Con todo, existe una diferencia profunda. El incesante devenir, por el cual todo es y al mismo tiempo cambia, es para Parménides sólo una apariencia, una imagen que los seres humanos han creado sin reflexionar, una opinión injustificada. A ella se contrapone la verdad, según la cual si en el pensamiento se da una contradicción, entonces es que hay un error.
Creer, como Heráclito, que el agua como esencia el ser líquida pero también el no ser hielo, aunque pueda llegar a serlo, significa pensar aquello que no es (el agua helada) como si existiera y lo que es (el agua para beber) como si no existiese de verdad. Para Parménides ésta es precisamente la falsedad y la verdad es más bien lo contrario, es decir, que todo es, que algo no puede ser aquello que es, y el pensamiento debe esforzarse en distinguir sólo el ser, aunque sea a costa de negar la experiencia que de manera continua le muestra el incesante devenir de los seres humanos y de la naturaleza.
Si es cierto que el devenir de Heráclito no puede explicar cómo las aguas del río en el que nos bañamos, aun no siendo nunca las mismas, siguen siendo siempre las aguas de ese río -algo que Heráclito precisamente negó-, también el ser de Parménides muestra partes absurdas. Si todo es, no existe el no ser y nada cambia, ¿cómo se explica, pues, el movimiento que realiza la flecha desde el arco hasta el blanco? ¿Quizá la flecha no está primero en el arco para poder estar luego en la diana y no estar ya más en el arco? De consecuencias indeseables como ésta trató de encargarse la defensa que de la doctrina del maestro llevó a cabo su discípulo Zenón de Elea, famoso por la astucia con que asumió tal encargo. Al tratar de defender las ideas de Parménides de la acusación de que llevaban a consecuencias absurdas, Zenón ideó un modo de proceder genial; en vez de aducir nuevos argumentos a favor de las tesis parmenideas, analizó con incomparable argucia las de sus adversarios para demostrar que también éstas tenían consecuencias igualmente irracionales. Muchas de estas "paradojas" se han hecho famosas, como la que trata sobre el movimiento físico, según la cual quien admite que las cosas se mueven debe aceptar también que el veloz Aquiles no alcanzará jamás a una lenta tortuga. En el tiempo que Aquiles emplea para llegar hasta el animal, éste, aunque sólo sea un poco, ya habrá avanzado algo, y en el tiempo que emplee Aquiles en cubrir la nueva distancia, la pata de la tortuga le habrá llevado también un poco más allá, y así hasta el infinito, de modo que Aquiles, por rigor lógico, jamás conseguirá alcanzar a la tortuga.

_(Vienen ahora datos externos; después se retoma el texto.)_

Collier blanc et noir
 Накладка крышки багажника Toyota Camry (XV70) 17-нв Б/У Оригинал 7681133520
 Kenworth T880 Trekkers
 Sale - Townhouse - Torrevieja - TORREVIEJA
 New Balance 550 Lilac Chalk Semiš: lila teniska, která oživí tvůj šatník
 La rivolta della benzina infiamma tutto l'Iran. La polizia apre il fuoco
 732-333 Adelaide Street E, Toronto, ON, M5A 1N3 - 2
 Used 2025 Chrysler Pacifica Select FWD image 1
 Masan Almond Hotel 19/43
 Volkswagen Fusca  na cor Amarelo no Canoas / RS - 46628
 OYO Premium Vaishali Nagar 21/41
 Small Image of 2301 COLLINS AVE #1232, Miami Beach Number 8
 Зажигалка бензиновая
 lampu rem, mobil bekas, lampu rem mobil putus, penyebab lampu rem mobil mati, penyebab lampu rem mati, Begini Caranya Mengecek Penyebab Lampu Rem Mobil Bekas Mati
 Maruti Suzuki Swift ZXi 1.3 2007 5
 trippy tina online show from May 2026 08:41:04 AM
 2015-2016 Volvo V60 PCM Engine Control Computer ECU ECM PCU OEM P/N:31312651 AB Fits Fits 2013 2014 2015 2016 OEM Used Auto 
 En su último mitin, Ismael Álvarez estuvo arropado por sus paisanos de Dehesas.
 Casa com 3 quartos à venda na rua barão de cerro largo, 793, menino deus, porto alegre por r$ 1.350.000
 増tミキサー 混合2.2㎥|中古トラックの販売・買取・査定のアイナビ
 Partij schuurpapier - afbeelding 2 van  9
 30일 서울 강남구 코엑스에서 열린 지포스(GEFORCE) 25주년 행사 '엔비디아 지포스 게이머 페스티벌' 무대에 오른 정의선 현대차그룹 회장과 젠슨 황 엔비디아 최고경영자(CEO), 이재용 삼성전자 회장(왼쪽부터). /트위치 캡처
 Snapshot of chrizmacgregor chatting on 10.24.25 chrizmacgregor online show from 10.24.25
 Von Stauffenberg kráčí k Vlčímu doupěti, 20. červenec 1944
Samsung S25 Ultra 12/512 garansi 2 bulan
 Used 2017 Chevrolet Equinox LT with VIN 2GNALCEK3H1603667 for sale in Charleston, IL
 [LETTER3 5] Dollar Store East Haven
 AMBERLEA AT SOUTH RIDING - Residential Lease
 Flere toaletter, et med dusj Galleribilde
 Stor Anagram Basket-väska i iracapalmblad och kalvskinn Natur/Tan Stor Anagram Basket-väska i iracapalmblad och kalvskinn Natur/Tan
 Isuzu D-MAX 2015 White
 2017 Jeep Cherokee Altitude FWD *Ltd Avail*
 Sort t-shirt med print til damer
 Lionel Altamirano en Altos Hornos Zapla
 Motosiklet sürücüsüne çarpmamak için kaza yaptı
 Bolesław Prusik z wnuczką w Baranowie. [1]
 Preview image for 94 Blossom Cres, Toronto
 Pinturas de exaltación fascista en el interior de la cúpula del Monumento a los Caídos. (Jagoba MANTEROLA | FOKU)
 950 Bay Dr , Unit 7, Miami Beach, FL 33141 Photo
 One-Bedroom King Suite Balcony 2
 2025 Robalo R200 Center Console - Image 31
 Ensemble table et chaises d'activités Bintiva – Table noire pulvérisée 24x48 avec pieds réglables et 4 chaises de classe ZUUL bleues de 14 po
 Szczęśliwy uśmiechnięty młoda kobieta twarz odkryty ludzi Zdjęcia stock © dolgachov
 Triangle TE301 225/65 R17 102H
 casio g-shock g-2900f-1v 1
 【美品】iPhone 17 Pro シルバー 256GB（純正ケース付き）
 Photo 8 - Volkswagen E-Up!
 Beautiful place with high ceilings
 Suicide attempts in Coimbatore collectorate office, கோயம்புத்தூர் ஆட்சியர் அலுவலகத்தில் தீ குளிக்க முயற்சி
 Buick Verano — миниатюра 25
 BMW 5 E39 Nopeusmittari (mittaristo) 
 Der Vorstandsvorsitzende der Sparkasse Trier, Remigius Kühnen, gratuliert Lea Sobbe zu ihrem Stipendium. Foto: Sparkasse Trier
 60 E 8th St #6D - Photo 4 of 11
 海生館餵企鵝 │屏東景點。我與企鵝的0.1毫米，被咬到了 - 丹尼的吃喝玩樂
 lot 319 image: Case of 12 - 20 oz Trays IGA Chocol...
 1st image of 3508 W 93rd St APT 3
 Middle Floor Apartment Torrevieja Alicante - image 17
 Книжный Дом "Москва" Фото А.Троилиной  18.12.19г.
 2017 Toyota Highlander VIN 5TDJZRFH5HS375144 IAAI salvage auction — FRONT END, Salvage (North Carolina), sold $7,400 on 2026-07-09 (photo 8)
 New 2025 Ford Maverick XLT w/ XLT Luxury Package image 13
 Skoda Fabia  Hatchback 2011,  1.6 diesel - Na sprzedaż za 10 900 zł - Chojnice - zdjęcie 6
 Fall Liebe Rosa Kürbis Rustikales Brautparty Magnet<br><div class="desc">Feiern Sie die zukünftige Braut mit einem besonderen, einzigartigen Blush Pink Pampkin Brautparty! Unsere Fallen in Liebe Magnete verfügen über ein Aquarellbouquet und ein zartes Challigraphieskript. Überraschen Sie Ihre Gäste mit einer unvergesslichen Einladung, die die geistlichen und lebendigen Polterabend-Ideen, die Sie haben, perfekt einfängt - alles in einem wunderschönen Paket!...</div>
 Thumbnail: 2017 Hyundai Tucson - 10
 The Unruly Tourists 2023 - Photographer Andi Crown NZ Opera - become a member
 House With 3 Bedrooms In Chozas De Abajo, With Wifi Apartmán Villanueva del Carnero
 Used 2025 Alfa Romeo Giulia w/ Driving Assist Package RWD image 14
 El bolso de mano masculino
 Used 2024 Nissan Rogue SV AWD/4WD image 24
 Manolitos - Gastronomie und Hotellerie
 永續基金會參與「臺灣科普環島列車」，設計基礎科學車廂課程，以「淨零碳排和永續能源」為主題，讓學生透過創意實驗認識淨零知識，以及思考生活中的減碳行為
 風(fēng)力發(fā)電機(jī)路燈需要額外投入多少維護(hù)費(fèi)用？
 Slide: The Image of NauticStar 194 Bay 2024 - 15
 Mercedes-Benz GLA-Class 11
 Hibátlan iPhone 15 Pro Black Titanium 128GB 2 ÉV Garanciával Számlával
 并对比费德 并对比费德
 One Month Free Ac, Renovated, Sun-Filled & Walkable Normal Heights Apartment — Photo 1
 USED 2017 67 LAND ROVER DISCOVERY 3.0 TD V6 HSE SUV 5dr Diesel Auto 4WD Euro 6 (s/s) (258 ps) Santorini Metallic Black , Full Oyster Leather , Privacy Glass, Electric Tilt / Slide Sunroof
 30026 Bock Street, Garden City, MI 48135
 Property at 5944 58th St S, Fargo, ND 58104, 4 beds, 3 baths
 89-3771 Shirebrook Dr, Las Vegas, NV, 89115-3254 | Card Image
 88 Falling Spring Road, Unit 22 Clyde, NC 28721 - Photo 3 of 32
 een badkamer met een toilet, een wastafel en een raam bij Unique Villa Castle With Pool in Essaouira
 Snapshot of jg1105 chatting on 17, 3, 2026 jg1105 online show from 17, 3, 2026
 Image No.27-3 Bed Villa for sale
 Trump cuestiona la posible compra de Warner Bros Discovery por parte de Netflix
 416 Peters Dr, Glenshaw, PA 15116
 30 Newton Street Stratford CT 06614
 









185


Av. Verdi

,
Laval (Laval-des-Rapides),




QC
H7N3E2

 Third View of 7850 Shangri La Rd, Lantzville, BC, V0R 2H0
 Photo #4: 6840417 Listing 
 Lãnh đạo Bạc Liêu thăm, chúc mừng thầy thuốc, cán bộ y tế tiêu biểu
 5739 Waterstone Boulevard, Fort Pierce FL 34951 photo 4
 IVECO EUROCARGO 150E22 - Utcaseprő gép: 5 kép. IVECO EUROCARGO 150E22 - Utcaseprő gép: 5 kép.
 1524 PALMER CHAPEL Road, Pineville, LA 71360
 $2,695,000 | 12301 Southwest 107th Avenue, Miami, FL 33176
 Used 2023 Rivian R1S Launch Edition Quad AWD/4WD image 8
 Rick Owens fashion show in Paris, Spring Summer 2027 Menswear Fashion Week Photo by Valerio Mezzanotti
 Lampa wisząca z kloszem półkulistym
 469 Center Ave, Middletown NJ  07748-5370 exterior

Éste es el problema. Ciertamente, no podía decirse quien tenía razón. Con frecuencia, en filosofía un problema se resuelve cuando caduca su planteamiento, muchas veces a causa del cambio de las condiciones sociales que lo ocasionaron, de tal manera que se impone una consideración diferente, un nuevo debate que resulta similar, aunque no idéntico, al precedente.
El nuevo debate, expresión de un modo diferente de sentir, se formula en distintos términos y refleja una nueva actitud ante la realidad que sólo con un gran esfuerzo continúa el planteamiento precedente. En este sentido, la suerte de las ideas de los filósofos del ser y del devenir será ejemplar.